Amazon Athena is a serverless, “interactive query service that makes it easy to analyze data in Amazon S3 using standard SQL.” It is also known as the Amazon cloud infrastructure’s fast-growing service, widely used for ad-hoc querying of structured and semi-structured data.
What is possibly not as widely known is that, on 13 November 2020, Amazon posted a press release stating that the original Athena service had been upgraded to Athena 2.
Additionally, Upsolver, a cloud-native data engineering service, with their unique Athena integration is an official Amazon Athena partner. It is essential to note that Upsolver is the only Amazon Athena Partner.
Thus, the question that begs is, what does this partnership, plus the Athena engine 2 upgrade bring to the table for existing and new Amazon data lake and Athena clients?
By way of answering this question, let’s consider the following points.
Athena Engine 2 Upgrade: What, Why, and How?
As described at the outset of this discussion, Amazon Athena is a serverless interactive query service providing users with the ability to analyze data using standard SQL. There are a few additional benefits to using Athena.
- Because it is serverless, there is no server infrastructure to manage, saving time and money. It decouples compute from storage.
- You only pay for the queries you run. There is no monthly subscription fee.
- It is straightforward to use.
- It is not necessary to perform complex ETL operations to prepare the data in the S3 data lake.
- Point the Athena engine to the S3 data lake, define the schema, and create and run standard SQL scripts to query this structured or semi-structured data.
- And it makes it easy for analysts or engineers with SQL skills to efficiently and quickly query large datasets.

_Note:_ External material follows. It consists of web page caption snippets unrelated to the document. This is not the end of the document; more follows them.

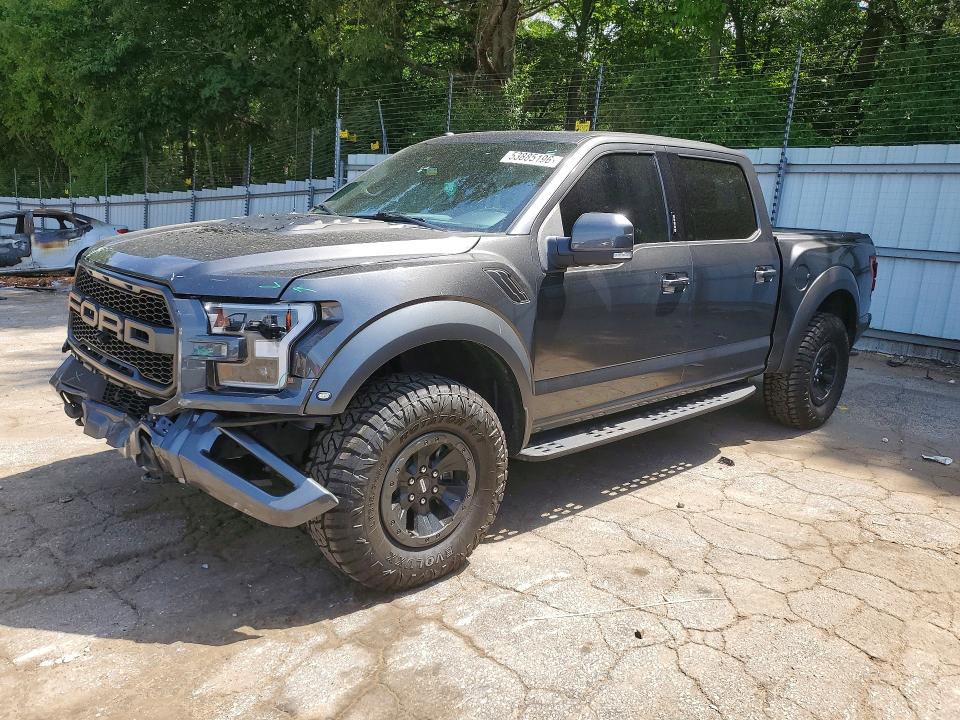 Продаж на аукціоні авто 2018 Ford F150, vin: 1FTFW1RG0JFD09545, номер лоту: 53885196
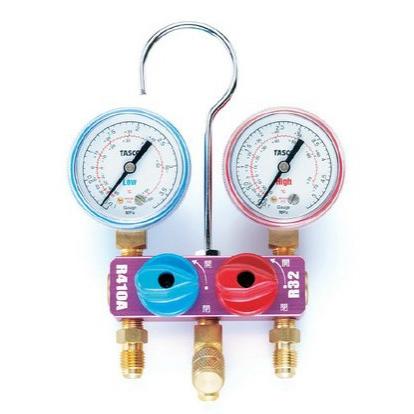 タスコ TASCO TA122MBV-2 ミニボールバルブ式マニホールドキット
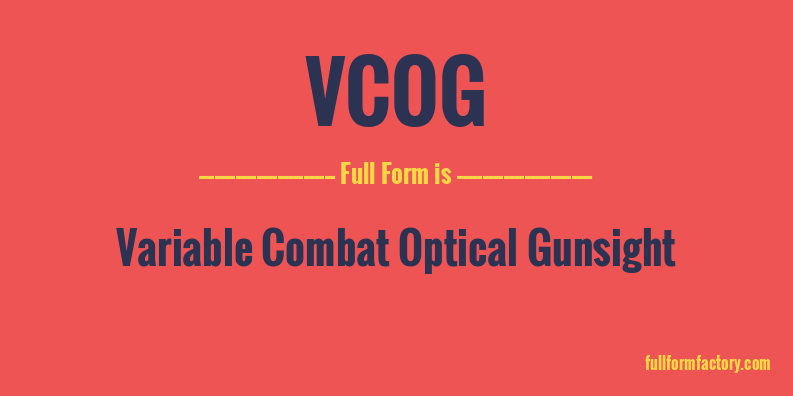 vcog-full-form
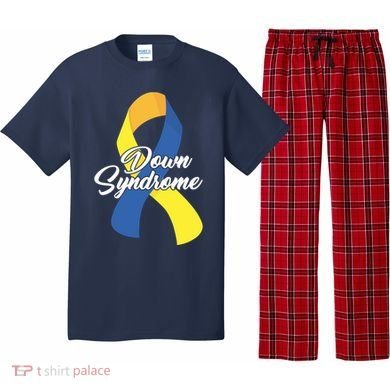 Down Syndrome Ribbon Awareness Pajama Set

- Finally, Athena is scalable.
The Athena engine 2 upgrade includes several performance enhancements in the JOIN, ORDER BY, and AGGREGATE operation. Secondly, this upgrade includes the following new features and other features not highlighted in this article, like the support for reading nested schema to reduce costs.
1. The Federated Query
The federated query is a feature that data analysts, engineers, and data scientists can use to execute queries across a wide variety of data sources, including relational, non-relational, object, and custom data sources.
With this feature, users can submit one query and analyze data from multiple sources, both hosted in the cloud or running on on-premises servers. The Athena engine 2 uses Data Connectors that run on AWS Lambda, with open-source Data Connectors for Amazon S3, Apache HBase, Amazon DocumentDB and Redshift, AWS CloudWatch Metrics, and JDBC-compliant relational databases like MySQL and PostgreSQL.
Should users require data connectors to other data sources, Amazon has provided a Query Federation SDK to build connectors to any proprietary data source.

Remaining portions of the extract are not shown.